On boats, rooftop terraces or in the cramped paddock on the quayside, the most famous Grand Prix of them all attracted the usual mix of celebrities, VIP guests, Eurotrash, plus a host of hangers-on and support staff. The race itself was the main event, of course, but the sideshows were, as ever, the myriad sponsorship activations (read parties, or, for the more sophisticated brands, functions) which took place throughout the weekend. Here’s a team-by-team round-up from a busy weekend of gear-changing and glad-handing.

Red Bull Racing and Toro Rosso

Red Bull’s Energy Station has long since been the most impressive of the team bases at European Grands Prix, but for the past few years in Monaco it has been floated into position in the harbour and expanded to include a swimming pool. After being dismantled in Barcelona two weeks ago, four trailers transported it to Monaco where it was rebuilt on a barge. The decking in front of the team offices has become one of the social hubs of the Monaco weekend, with a resident DJ and, this year, Scottish trials cyclist Danny MacAskill performing tricks. Manchester United midfielder Michael Carrick was amongst the team’s guests.

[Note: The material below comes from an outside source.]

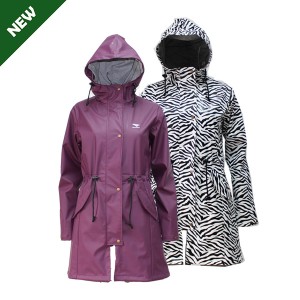 GL6805 Women’s PU raincoat with Hood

On a dramatic weekend for the sport’s dominant team – another one-two, brouhaha between its battling drivers and the announcement that title sponsor Petronas has extended its deal for a multi-year period – Mercedes’ watch sponsor IWC Schaffhausen invited actor Sir Patrick Stewart, currently promoting the new X-Men movie, to the race. On Friday, a traditional rest day in Monaco, team mechanics and engineers donned their new Assos gear – last month Mercedes agreed a supply deal with the Swiss cycling company – for a training ride into the mountains above the principality.

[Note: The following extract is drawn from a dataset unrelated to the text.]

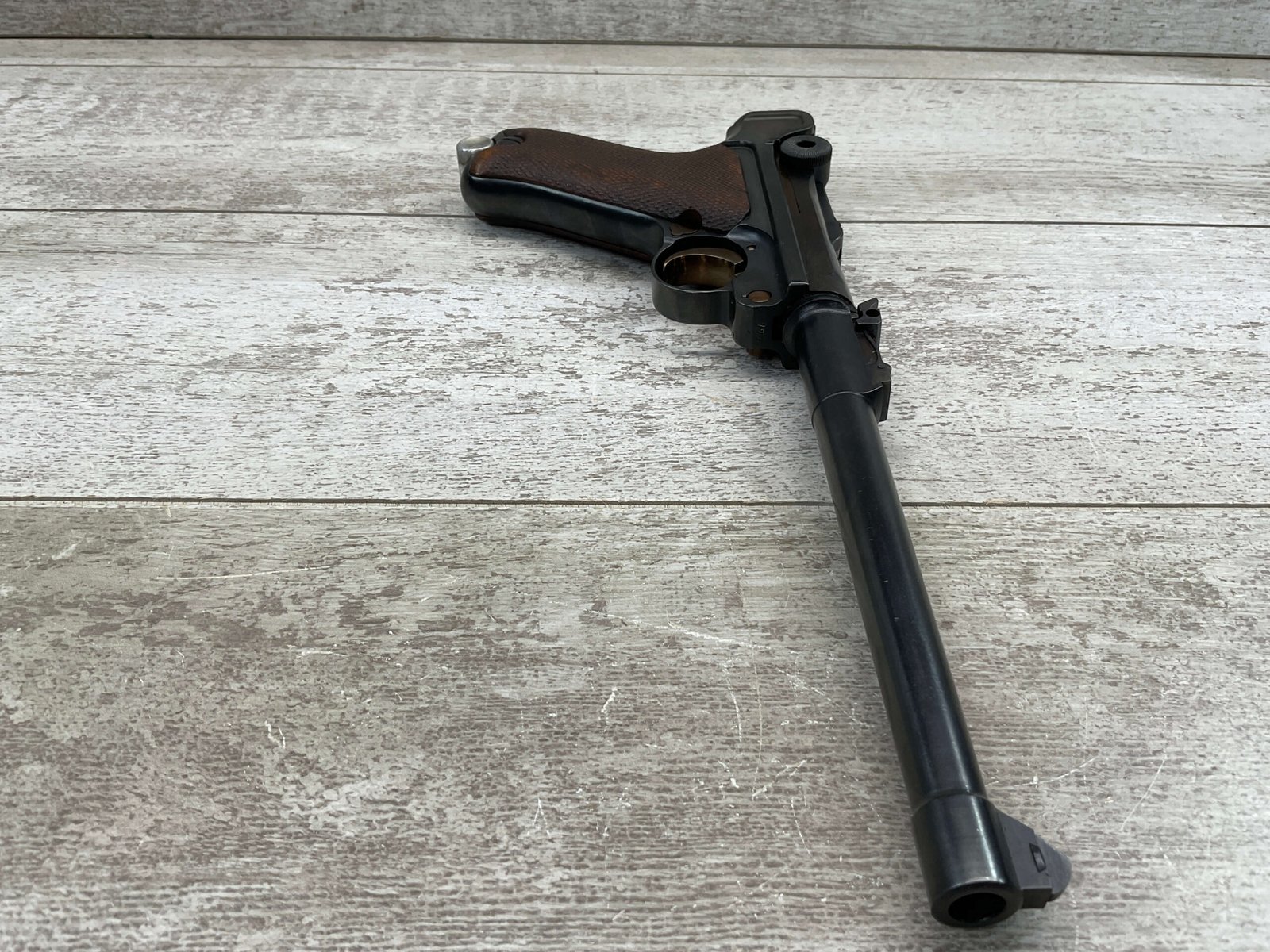 DWM ARTILLERY LUGER P08 9MM SEMI AUTO PISTOL - Checkpoint Charlie's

A fairly low-key weekend for Ferrari’s sponsors at first glance, although watch company Hublot had a neat trick up its sleeve, by repainting Monaco’s helipad – a key way in and out for VIPs over race weekend – in the shape of the H from its logo. Elsewhere, the team, having finally admitted that it will not be snaring Adrian Newey away from Red Bull Racing, spent most of the weekend lavishing praise upon Fernando Alonso (above), amidst whispers the Spaniard may be looking elsewhere for a drive in the not-too-distant future. Intriguingly, on Monday after the race it was announced that Alonso will wave the starting flag at this year’s Le Mans 24 Hours. There has been speculation for some months that Ferrari is considering building its own LMP1 car to challenge the likes of Audi, Toyota and Porsche at Le Mans and in the World Endurance Championship. Alonso’s role next month will only heighten the intrigue.

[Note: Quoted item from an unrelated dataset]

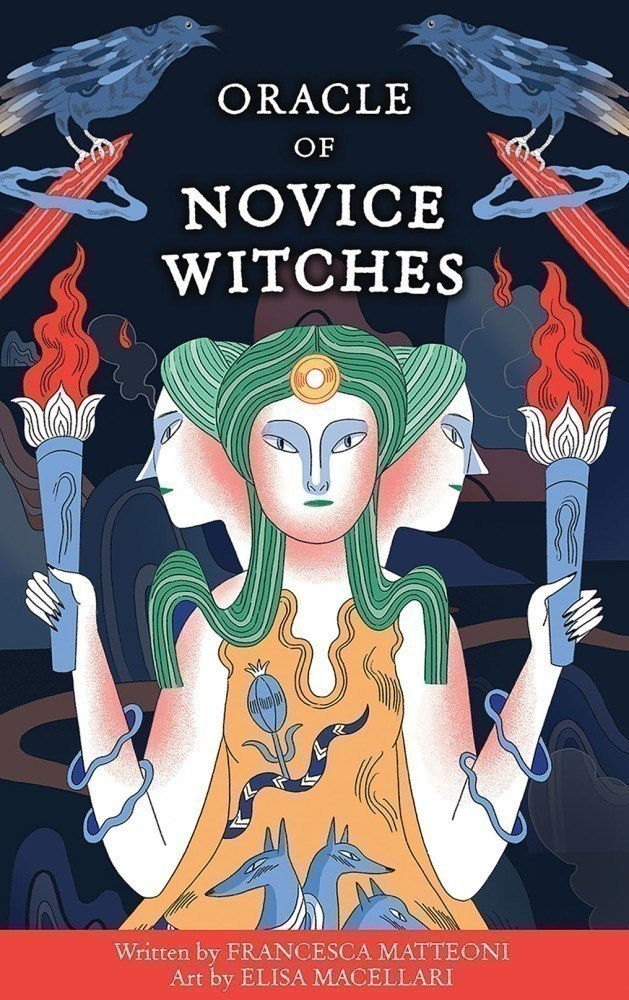 Oracle of Novice Witches. Оракул Начинающих Ведьм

As team principal and owner Gerard Lopez moved to calm speculation that Pastor Maldonado’s drive is under threat, following comments made by Venezuela’s new minister of sport that the country would no longer invest in motorsport – Maldonado’s drive is linked to state oil company’s PDVSA’s sponsorship of the team – other Lotus sponsors took the initiative in Monte Carlo. Chief amongst them was energy drink Burn, who invited British pop star Pixie Lott along. Oil firm Total, meanwhile, revamped Romain Grosjean’s helmet design so it featured the Twitter handles of hundreds of the Frenchman’s fans.


The British team still finds itself without a title sponsor – it has thus far been unable to sell the position held up until the end of last year by Vodafone – so, from a marketing point of view at least, the highlight of the McLaren weekend was the traditional VIP party staged by longstanding watch partner Tag Heuer on Saturday evening. Held aboard a yacht decked out in the green and red of the Swiss watchmaker, the party was hosted by Tag chief executive Stéphane Linder, who posed for the obligatory, only slightly-awkward watch-laden photographs with baby-faced McLaren driver Kevin Magnussen.

Force India

It was all aboard team owner Vijay Mallya’s Indian Empress yacht on Thursday night for the Indian’s annual bash. The 95-metre yacht was one of the dominant vessels in Port Hercule and Prince Albert, Bernie Ecclestone and several other team principals turned up for a mooch around and a chat with Mallya, who, despite his well-publicised troubles at home, retains an enthusiasm for Formula One and oversees a team which has made an excellent start to the season. Indian designer Neeta Lulla hosted a fashion show at a party which has become something of a Monaco Grand Prix weekend tradition.


Williams’ new title sponsor Martini was always bound to make a splash at Monaco, its first opportunity to activate its multi-million dollar deal at the most glamorous event on the calendar. The brand hosted a large group of guests throughout the weekend, including model Amber LeBon, but the star of the show was undoubtedly the Martini Racing-branded Vector offshore powerboat, which tore round the harbour giving VIPs rides throughout the weekend – at least until it was told to leave the harbour, apparently for being too noisy. Insert your own joke about the sound of Formula One in 2014 here.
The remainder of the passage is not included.